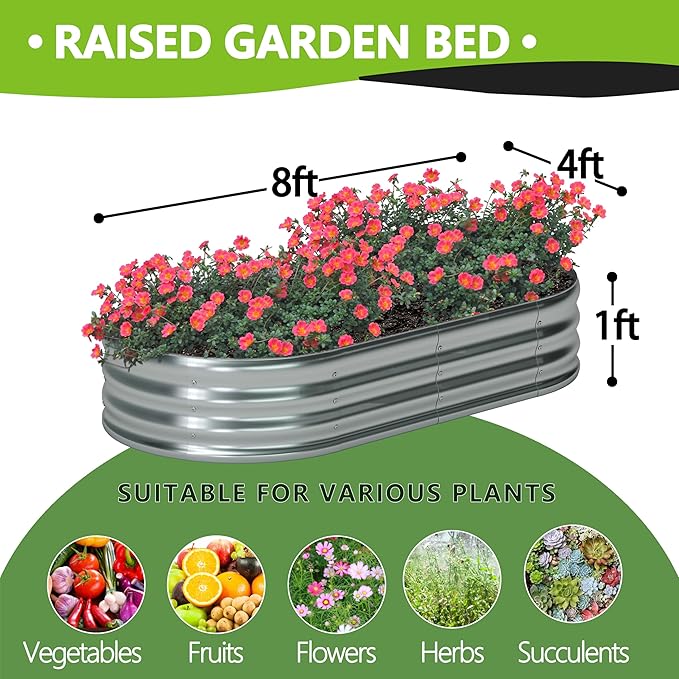 8x4x1ft(2 Pack) Galvanized Oval Raised Garden BedOutdoor Planter Box Metal Patio Kit Planting Bed for Vegetables Flowers HerbSilver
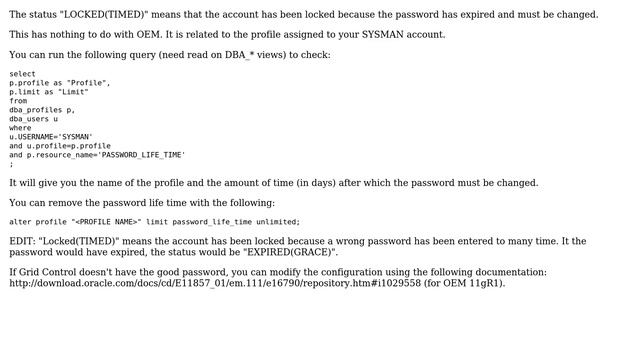 Databases: Oracle Enterprise Manager (OEM) locking SYSMAN account (3 Solutions!!) смотреть онлайн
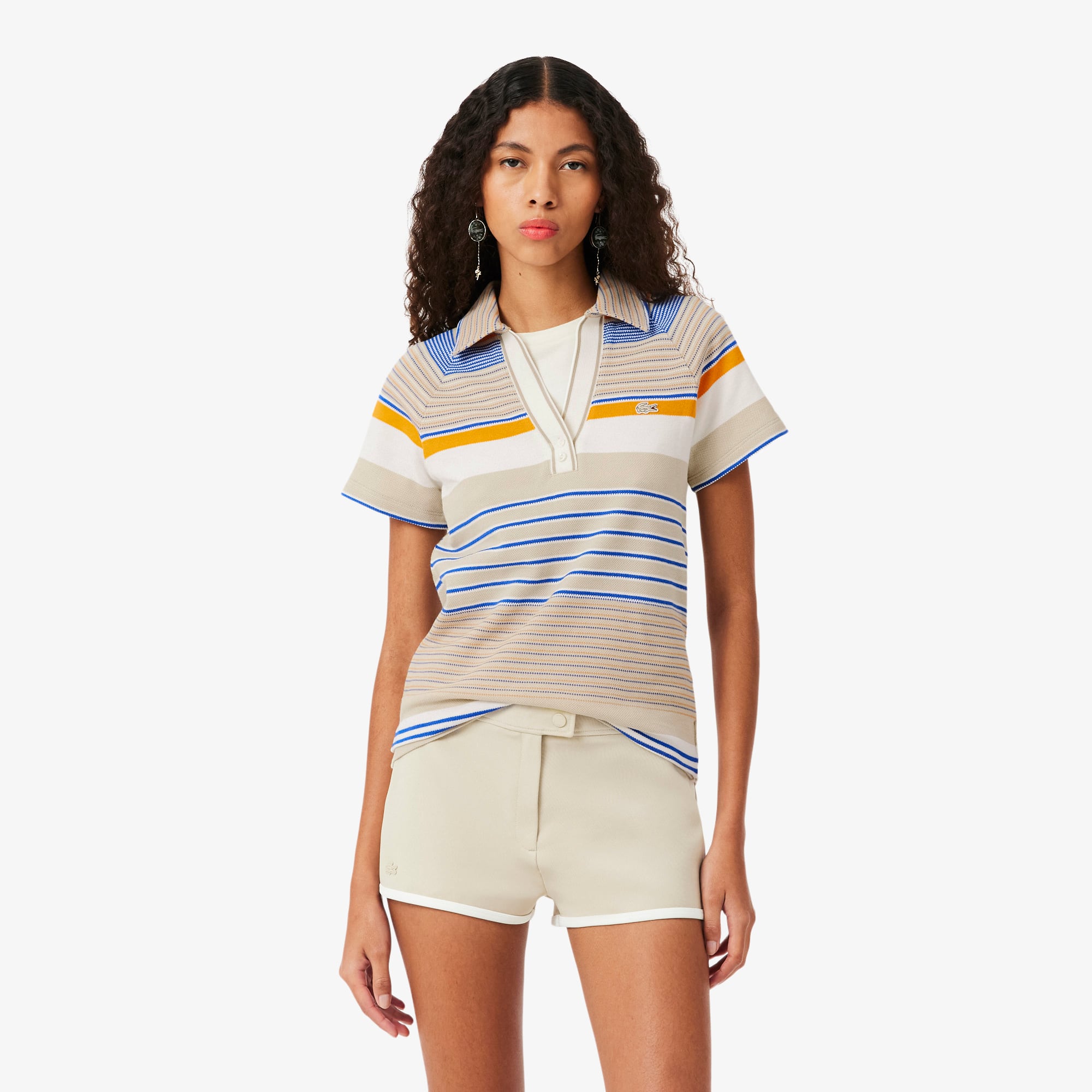Lacoste Runway Slim Fit Striped Piqué Polo Shirt - Xs In Beige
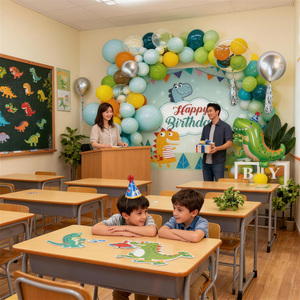 1 Niedliches Dinosaurier-Themen Aluminiumballon-Set mit Hintergrundtuch und Poster-Dekorationen für Kinderpartys Happy <span class=keywords><strong>Birthday</strong></span> Ballons - Product Image 3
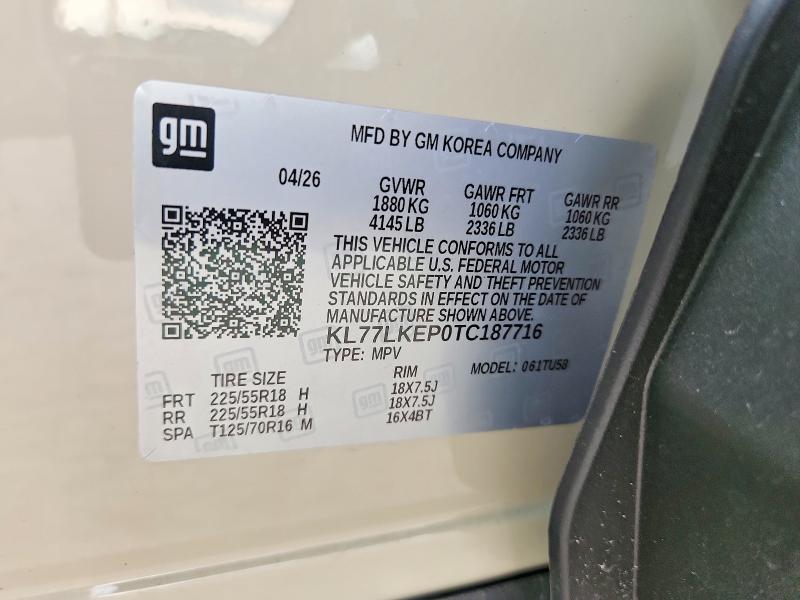 Aukcja sprzedaży 2026 Chevrolet Trax, vin: KL77LKEP0TC187716, numer aukcji: 65052376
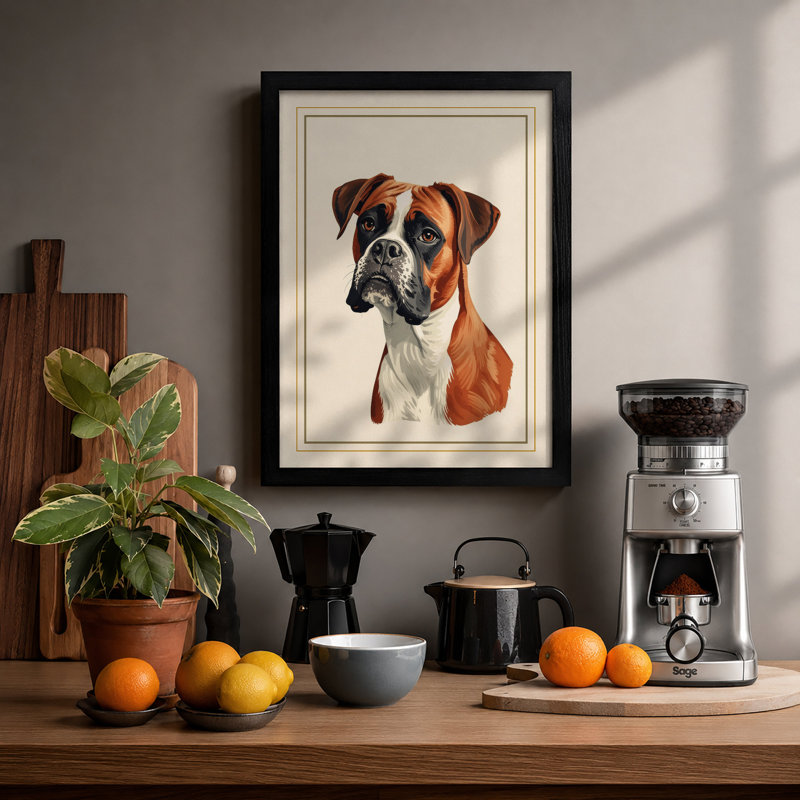 Boxer Dog Portrait Minimalist - Print, A1 - 84.1 x 59.4 cm, Black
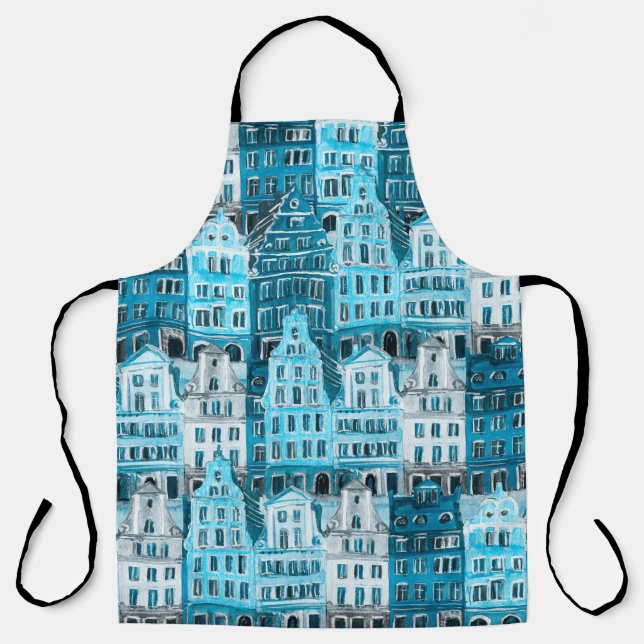 Amsterdam Architektur, blaue Aquarelltextur. Schürze (Vorderseite)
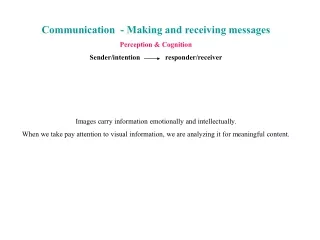 Communication  - Making and receiving messages Perception &amp; Cognition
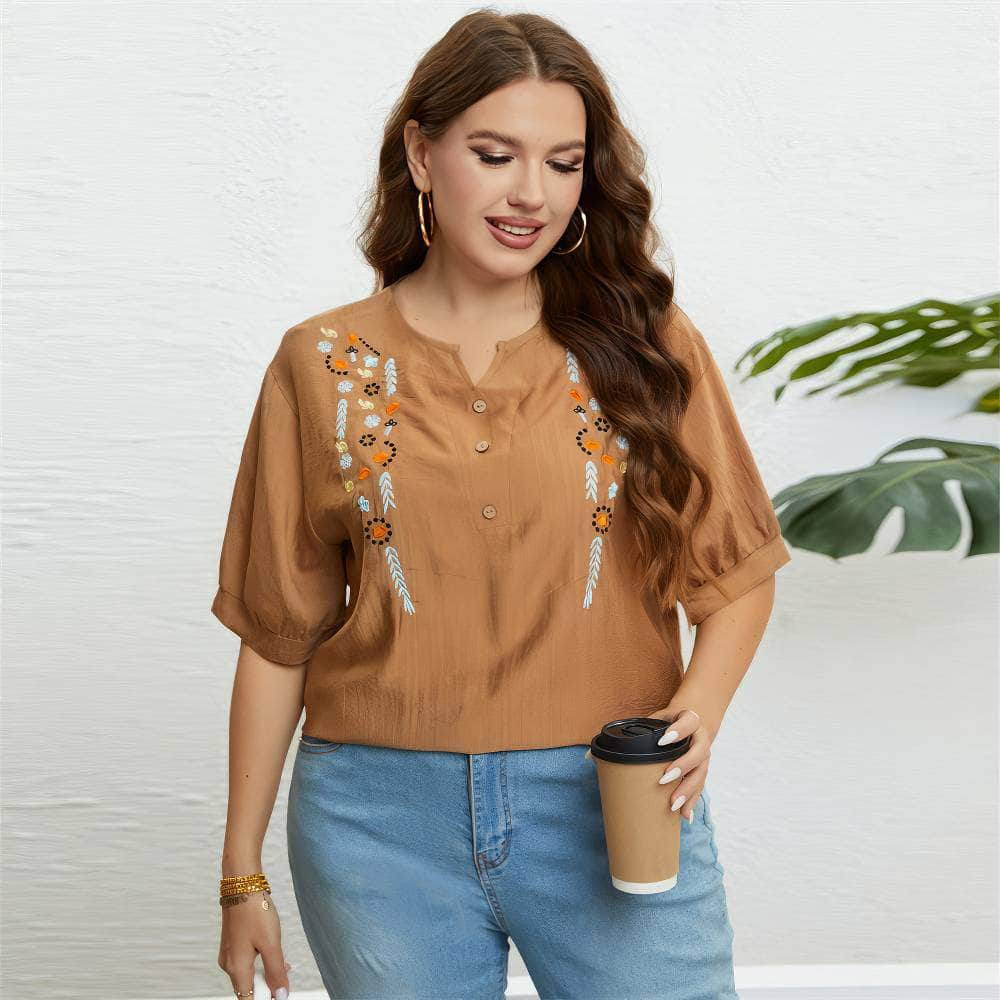 Plus Size Embroidered Loose Notched Neck Top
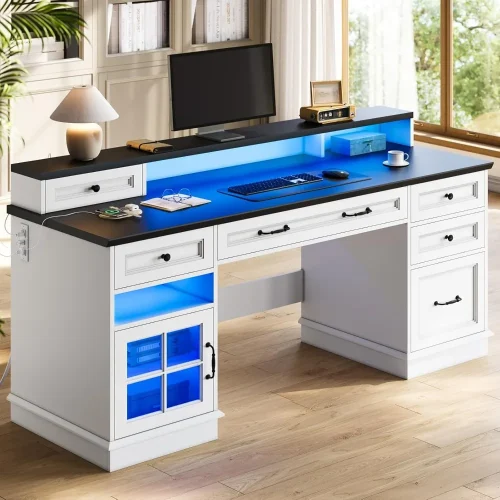 Farmhouse Executive Desk with Drawers Computer Desks with File Drawers, Power Outlet and Led Lights, Executive Office Desk with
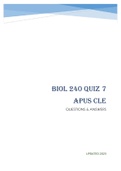 BIOL 240 QUIZ 7 APUS CLE - QUESTIONS & ANSWERS (Scored 98%) Latest 2023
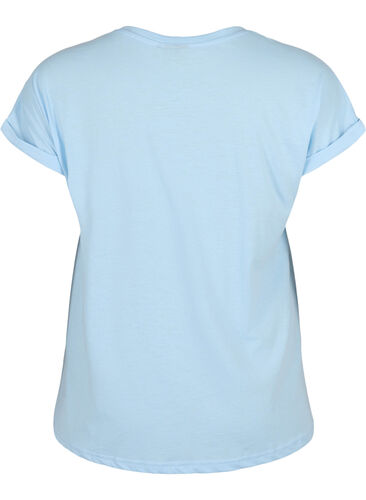 T-shirt met korte mouwen van katoenmix, Chambray Blue , Packshot image number 1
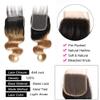 1B/27 Closure Pre Plucked Ombre Lace Closure Human Hair Transparent Lace Free Part 4X4 Lace Front Closure With Baby Hair Brazilian Virgin Hair Body Wave Lace Closure Next Day Delivery 16 Inch view 4
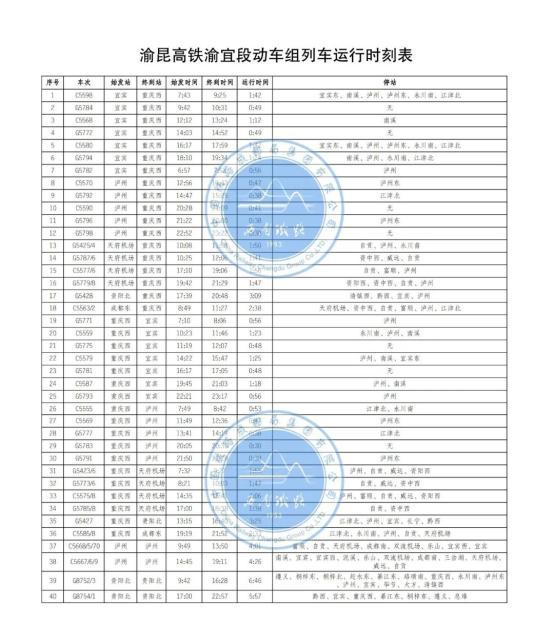 9月29日开通！重庆西到宜宾最快48分钟可达（附时刻表）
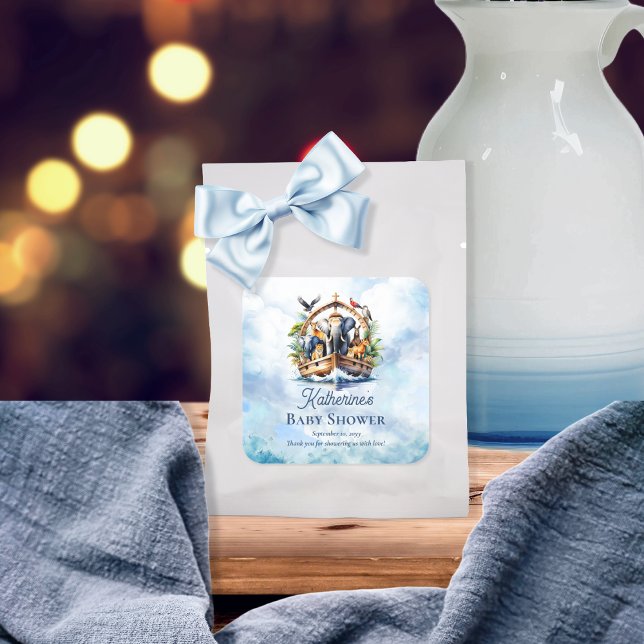 Noah's Ark Cute Animals Blue Boy Baby Shower Square Sticker (Noah's Ark Cute Animals Blue Boy Baby Shower Favor Square Sticker)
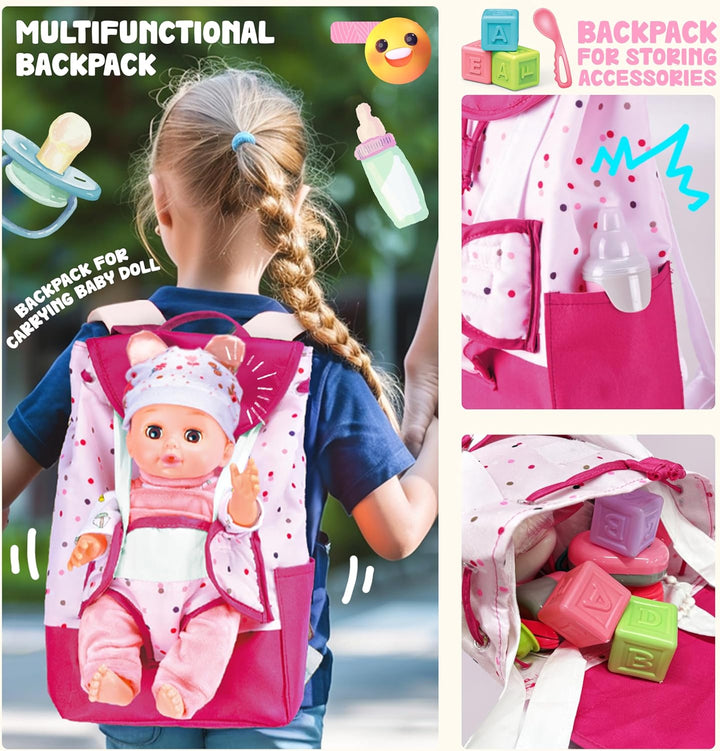 SMILESSKIDDO Muñeca de bebé con mochila transportadora, muñecas rea...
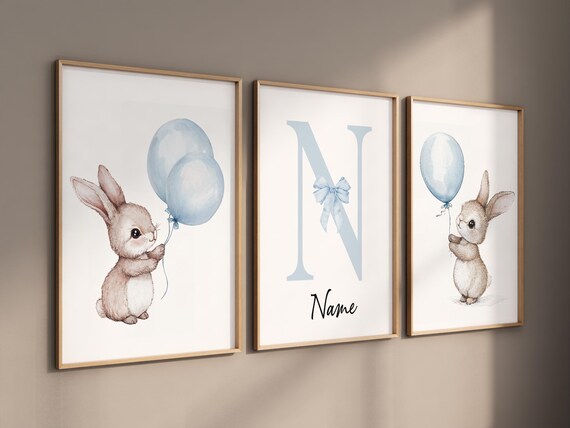 Baby boy nursery art, personalized bunny print, custom baby name poster, watercolor rabbit decor, blue balloon nursery wall art, boy nursery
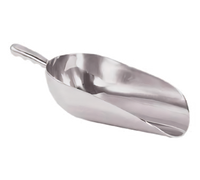 5 oz. Round Bottom Cast Aluminum Utility Scoop with Contoured Handle, Mirror Finish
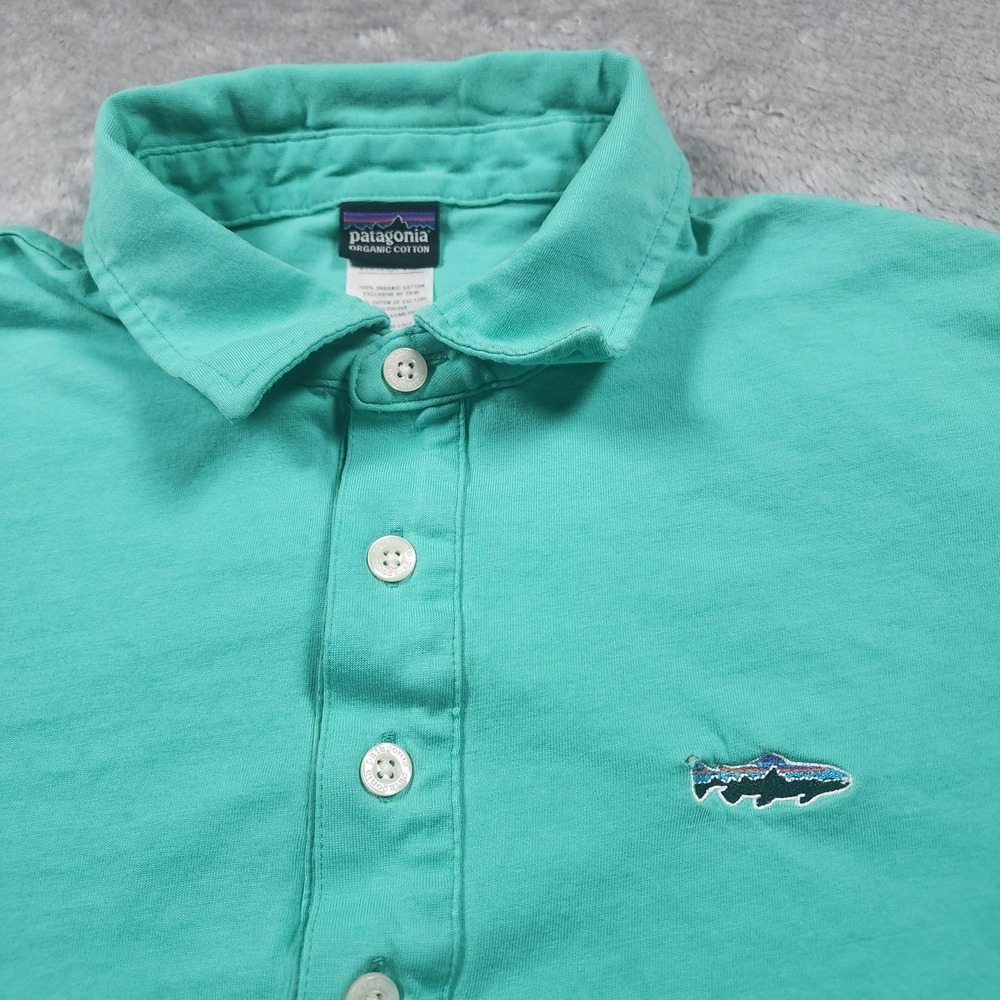 Patagonia Trout Fitz Roy Polo Shirt Mens Medium Green Organic Cotton Summer - Picture 4 of 10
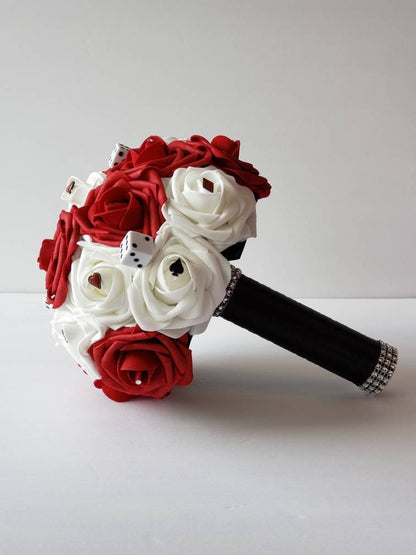 Las Vegas Themed Wedding Bouquet, Red And White Bridal Bouquet, Bridesmaid Bouquet, Matching Boutonnieres & Corsages, Destination Wedding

[What the exercise asks]
Only the lines from the one containing "Noah's Ark Cute Animals Blue Boy Baby Shower Square" through the end of the listing should be output, word for word and inclusive; keep pictures out.

[Answer space]
 Noah's Ark Cute Animals Blue Boy Baby Shower Square Sticker (Noah's Ark Cute Animals Blue Boy Baby Shower Favor Square Sticker)
 SMILESSKIDDO Muñeca de bebé con mochila transportadora, muñecas rea...
 Baby boy nursery art, personalized bunny print, custom baby name poster, watercolor rabbit decor, blue balloon nursery wall art, boy nursery
 5 oz. Round Bottom Cast Aluminum Utility Scoop with Contoured Handle, Mirror Finish
 Patagonia Trout Fitz Roy Polo Shirt Mens Medium Green Organic Cotton Summer - Picture 4 of 10
 Las Vegas Themed Wedding Bouquet, Red And White Bridal Bouquet, Bridesmaid Bouquet, Matching Boutonnieres & Corsages, Destination Wedding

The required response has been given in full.